DESCRIPTION OF THE TASK:
Begin at the line containing "Red cats felted" and reproduce every line through the end of the entries below. Nothing else should appear.

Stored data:
◆ ◆ ◆ ◆

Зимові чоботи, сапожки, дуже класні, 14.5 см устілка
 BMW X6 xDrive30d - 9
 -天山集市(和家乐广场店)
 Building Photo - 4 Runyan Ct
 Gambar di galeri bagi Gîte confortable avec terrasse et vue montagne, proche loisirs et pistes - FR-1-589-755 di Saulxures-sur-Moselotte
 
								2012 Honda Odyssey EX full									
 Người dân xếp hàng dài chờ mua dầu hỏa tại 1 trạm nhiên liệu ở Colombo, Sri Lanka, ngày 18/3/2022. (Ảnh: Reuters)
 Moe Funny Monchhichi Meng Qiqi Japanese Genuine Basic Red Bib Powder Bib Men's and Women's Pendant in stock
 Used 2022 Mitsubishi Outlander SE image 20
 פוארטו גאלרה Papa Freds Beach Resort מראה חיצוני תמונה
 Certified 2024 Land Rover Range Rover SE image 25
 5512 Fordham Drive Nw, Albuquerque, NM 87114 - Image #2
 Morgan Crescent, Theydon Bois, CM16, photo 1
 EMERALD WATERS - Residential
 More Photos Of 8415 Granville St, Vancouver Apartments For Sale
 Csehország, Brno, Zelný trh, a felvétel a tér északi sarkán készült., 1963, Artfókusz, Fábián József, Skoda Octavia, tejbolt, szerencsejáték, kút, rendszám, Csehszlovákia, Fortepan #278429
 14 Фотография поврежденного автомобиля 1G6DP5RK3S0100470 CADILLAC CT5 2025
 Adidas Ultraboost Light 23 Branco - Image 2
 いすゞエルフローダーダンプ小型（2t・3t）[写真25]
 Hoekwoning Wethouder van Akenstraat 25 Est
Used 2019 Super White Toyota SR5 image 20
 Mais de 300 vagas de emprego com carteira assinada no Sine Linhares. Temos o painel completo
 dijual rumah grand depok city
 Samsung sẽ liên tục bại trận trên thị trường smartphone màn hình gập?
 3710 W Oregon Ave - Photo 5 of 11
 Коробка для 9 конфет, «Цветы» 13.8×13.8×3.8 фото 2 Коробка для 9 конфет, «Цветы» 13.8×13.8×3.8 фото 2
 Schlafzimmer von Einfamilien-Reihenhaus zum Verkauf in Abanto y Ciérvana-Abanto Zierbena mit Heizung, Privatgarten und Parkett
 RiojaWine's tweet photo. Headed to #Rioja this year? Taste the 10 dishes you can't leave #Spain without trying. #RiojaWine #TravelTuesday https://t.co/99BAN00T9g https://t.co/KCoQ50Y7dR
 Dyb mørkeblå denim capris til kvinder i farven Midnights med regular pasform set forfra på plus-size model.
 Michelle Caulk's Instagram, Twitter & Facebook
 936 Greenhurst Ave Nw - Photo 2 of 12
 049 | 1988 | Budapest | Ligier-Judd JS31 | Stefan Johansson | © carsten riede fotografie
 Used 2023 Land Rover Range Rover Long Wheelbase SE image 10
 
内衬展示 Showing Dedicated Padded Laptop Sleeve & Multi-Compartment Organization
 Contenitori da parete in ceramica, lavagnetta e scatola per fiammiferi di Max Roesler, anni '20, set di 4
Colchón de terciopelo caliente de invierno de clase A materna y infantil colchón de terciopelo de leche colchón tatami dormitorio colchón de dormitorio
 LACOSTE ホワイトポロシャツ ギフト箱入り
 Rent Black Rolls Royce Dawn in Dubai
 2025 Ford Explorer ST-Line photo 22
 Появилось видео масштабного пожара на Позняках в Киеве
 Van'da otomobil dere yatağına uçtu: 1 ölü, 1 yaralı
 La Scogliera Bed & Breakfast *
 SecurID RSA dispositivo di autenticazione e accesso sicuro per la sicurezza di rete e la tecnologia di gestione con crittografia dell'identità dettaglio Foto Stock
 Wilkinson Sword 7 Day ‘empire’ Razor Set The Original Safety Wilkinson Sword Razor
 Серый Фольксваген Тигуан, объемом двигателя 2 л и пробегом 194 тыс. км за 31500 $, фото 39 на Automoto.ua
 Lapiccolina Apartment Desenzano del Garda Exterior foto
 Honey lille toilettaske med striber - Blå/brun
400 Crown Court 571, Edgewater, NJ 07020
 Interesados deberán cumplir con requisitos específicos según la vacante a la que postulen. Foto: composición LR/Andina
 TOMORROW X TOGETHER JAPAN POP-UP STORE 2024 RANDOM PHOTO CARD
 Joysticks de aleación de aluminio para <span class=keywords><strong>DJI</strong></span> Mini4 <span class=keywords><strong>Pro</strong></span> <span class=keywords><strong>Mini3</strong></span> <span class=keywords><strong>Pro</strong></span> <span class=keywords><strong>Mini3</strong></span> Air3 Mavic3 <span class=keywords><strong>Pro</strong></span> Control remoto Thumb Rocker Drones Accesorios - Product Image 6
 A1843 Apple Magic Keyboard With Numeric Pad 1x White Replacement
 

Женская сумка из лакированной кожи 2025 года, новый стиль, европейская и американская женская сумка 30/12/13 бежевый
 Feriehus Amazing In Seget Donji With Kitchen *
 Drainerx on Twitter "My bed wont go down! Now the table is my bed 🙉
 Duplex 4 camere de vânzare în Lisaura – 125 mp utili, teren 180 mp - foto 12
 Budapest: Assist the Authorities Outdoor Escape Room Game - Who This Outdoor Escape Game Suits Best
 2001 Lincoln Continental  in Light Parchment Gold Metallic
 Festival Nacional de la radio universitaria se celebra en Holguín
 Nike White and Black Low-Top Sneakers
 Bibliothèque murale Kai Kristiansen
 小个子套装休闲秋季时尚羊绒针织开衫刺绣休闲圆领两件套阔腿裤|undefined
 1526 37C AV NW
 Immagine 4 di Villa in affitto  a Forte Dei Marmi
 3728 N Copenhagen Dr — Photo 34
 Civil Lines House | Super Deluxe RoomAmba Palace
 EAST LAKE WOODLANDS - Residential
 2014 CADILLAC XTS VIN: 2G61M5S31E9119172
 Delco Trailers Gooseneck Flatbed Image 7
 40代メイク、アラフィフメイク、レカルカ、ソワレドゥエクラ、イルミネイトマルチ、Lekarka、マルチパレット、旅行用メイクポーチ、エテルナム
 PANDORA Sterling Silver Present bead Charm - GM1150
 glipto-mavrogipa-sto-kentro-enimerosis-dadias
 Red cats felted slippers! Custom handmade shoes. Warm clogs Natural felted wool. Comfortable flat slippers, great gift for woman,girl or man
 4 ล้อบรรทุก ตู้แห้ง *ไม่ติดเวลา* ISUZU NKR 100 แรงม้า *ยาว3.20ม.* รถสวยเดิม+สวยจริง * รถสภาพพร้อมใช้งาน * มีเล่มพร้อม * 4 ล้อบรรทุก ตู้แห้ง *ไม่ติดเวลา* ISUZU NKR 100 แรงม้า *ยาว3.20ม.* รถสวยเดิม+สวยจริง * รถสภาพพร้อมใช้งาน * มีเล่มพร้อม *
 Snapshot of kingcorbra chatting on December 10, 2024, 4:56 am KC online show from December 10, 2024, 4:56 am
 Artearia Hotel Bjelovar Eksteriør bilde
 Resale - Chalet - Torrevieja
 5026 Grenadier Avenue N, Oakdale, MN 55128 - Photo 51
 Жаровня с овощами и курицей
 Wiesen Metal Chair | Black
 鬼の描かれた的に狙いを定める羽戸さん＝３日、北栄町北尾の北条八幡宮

◆ ◆ ◆ ◆

TASK RESULT:
 Red cats felted slippers! Custom handmade shoes. Warm clogs Natural felted wool. Comfortable flat slippers, great gift for woman,girl or man
 4 ล้อบรรทุก ตู้แห้ง *ไม่ติดเวลา* ISUZU NKR 100 แรงม้า *ยาว3.20ม.* รถสวยเดิม+สวยจริง * รถสภาพพร้อมใช้งาน * มีเล่มพร้อม * 4 ล้อบรรทุก ตู้แห้ง *ไม่ติดเวลา* ISUZU NKR 100 แรงม้า *ยาว3.20ม.* รถสวยเดิม+สวยจริง * รถสภาพพร้อมใช้งาน * มีเล่มพร้อม *
 Snapshot of kingcorbra chatting on December 10, 2024, 4:56 am KC online show from December 10, 2024, 4:56 am
 Artearia Hotel Bjelovar Eksteriør bilde
 Resale - Chalet - Torrevieja
 5026 Grenadier Avenue N, Oakdale, MN 55128 - Photo 51
 Жаровня с овощами и курицей
 Wiesen Metal Chair | Black
 鬼の描かれた的に狙いを定める羽戸さん＝３日、北栄町北尾の北条八幡宮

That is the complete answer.